Spring 2026 recruitment coding challenge: implement a cross-process shared-memory buffer in Python.
- Fork this repository and complete the challenge in your own fork.
- Submission Form: https://forms.gle/KJM6GWKq28sT7MgN9
- Questions / Help Discord: https://discord.gg/3wNUqmGT5p
Your task is to replace the starter in solution.py with a correct implementation of:
SharedBuffer
The reference contract is defined by the official tests in tests/official/.
A circular implementation is one valid solution, but it is not the only valid solution.
This challenge assumes a single writer and one or more readers. Multi-writer support is not required and won't be tested.

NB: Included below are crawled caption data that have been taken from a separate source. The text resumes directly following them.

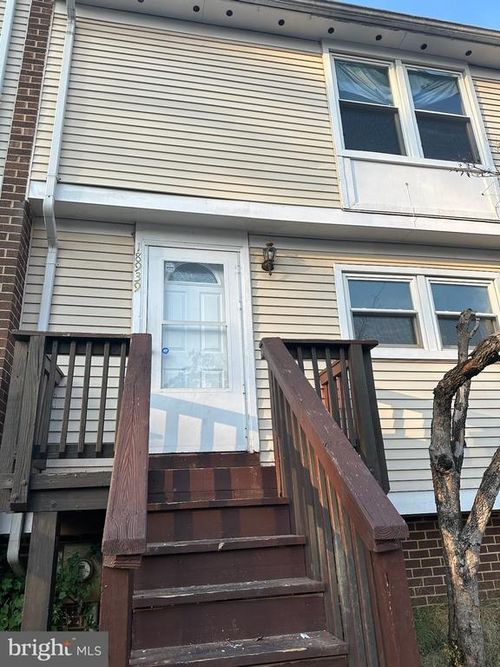 9-8-18939 Pine Ridge Ln, GERMANTOWN, MD, 20874-1886 | Card Image
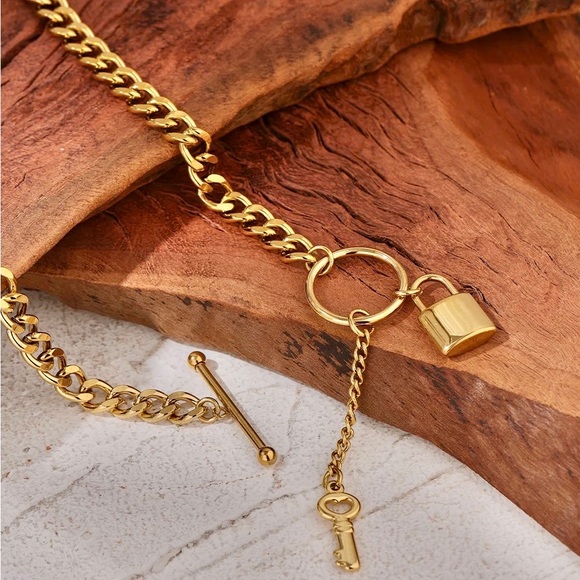 14k Gold Stainless Steel Toggle Lock and Key Pendant Necklace - Picture 9 of 10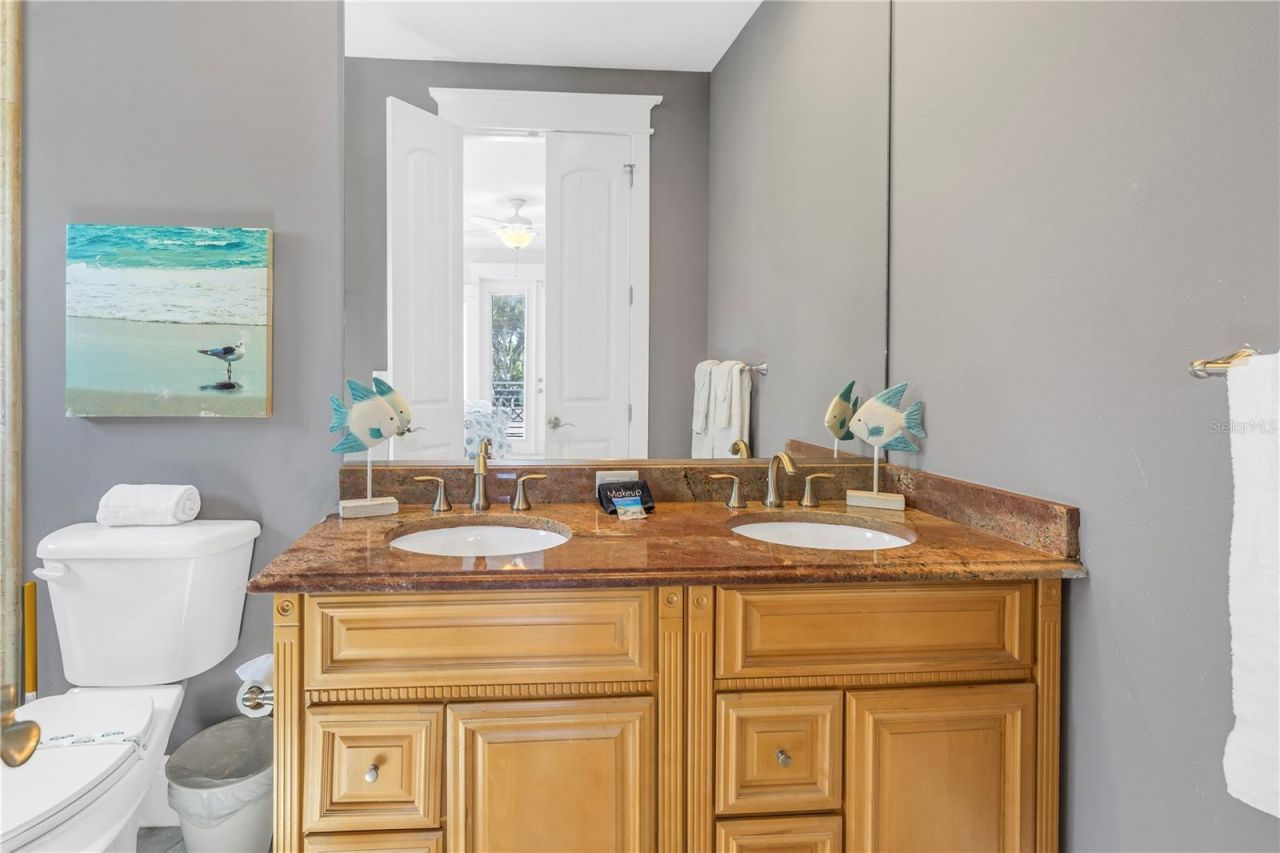 105 4th Street S, Bradenton Beach, FL 34217 Photo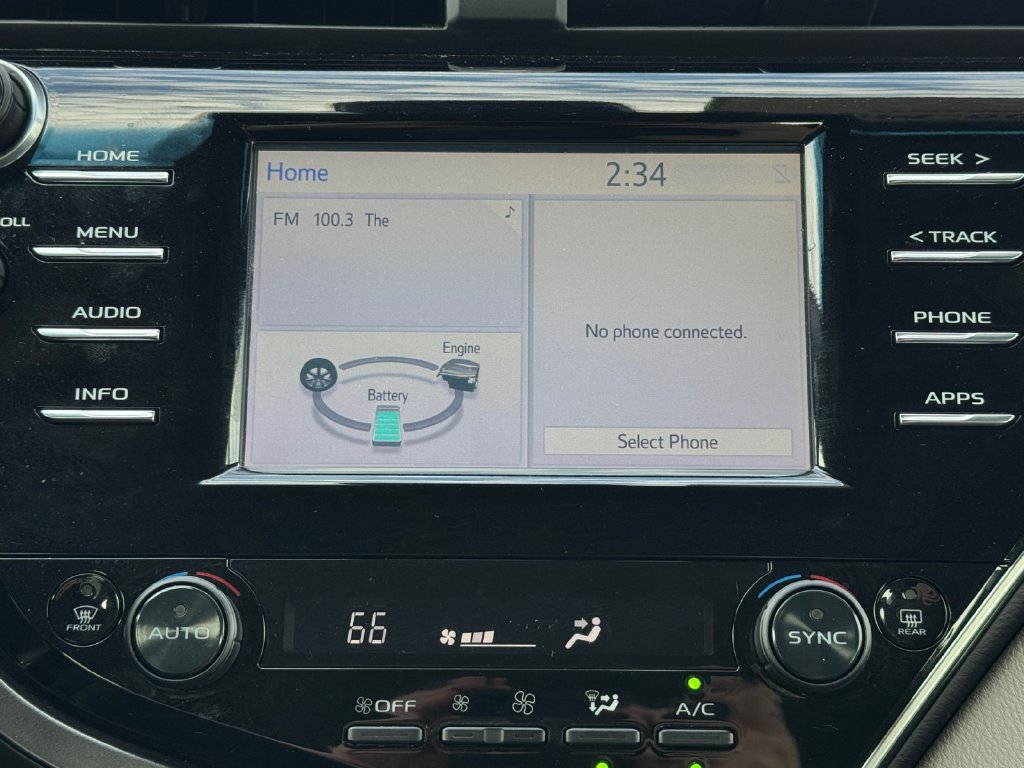 Used 2018 Toyota Camry LE FWD image 21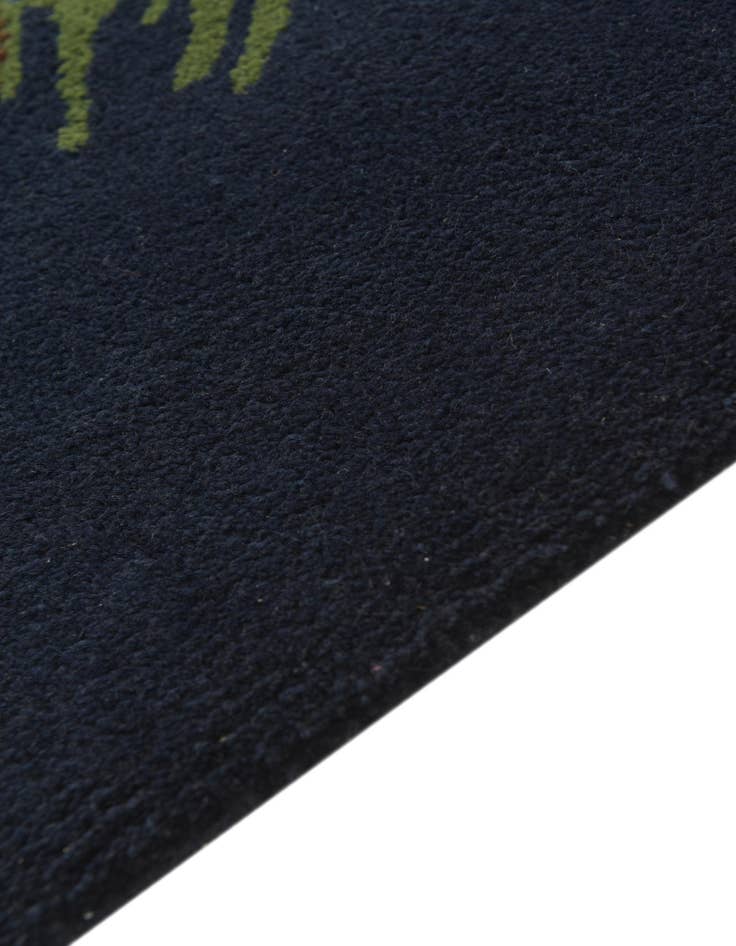 Detail image of 7' 6 x 7' 7 Luna Wool Square Rug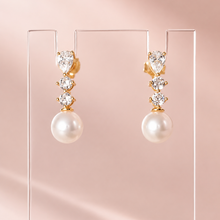 Load image into Gallery viewer, Isabella Drop Studs
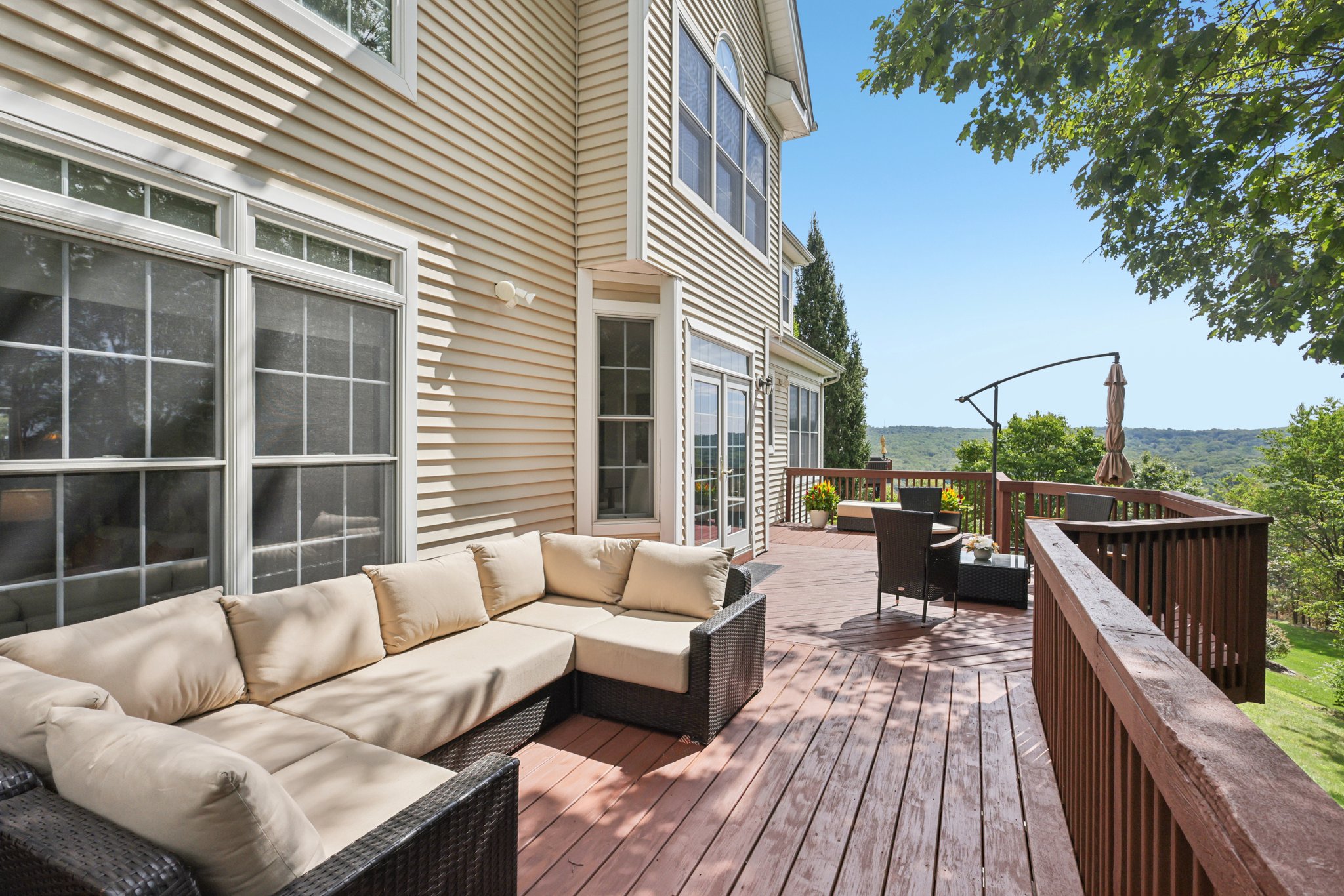 Point View-S3008-075.jpg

solution.py: starter submission file. It is intentionally incomplete.tests/official/: official grading tests.tests/applicant/applicant_test_template.py: example file you can copy to write your own tests.score.py: simple local scoring script.
- Create a virtual environment.
- Install dependencies:
python -m pip install -r requirements.txt- Run the official score against your submission:
python score.py- Fork this repository and do your work in your own fork.
- Edit
solution.py. - Keep the existing file names and public bindings unchanged.
- Put your entire implementation in
solution.py. - Leave
tests/official/alone when you want a real score. - Copy
tests/applicant/applicant_test_template.pyto something liketests/applicant/test_my_solution.py. - Add your own cases there as you build.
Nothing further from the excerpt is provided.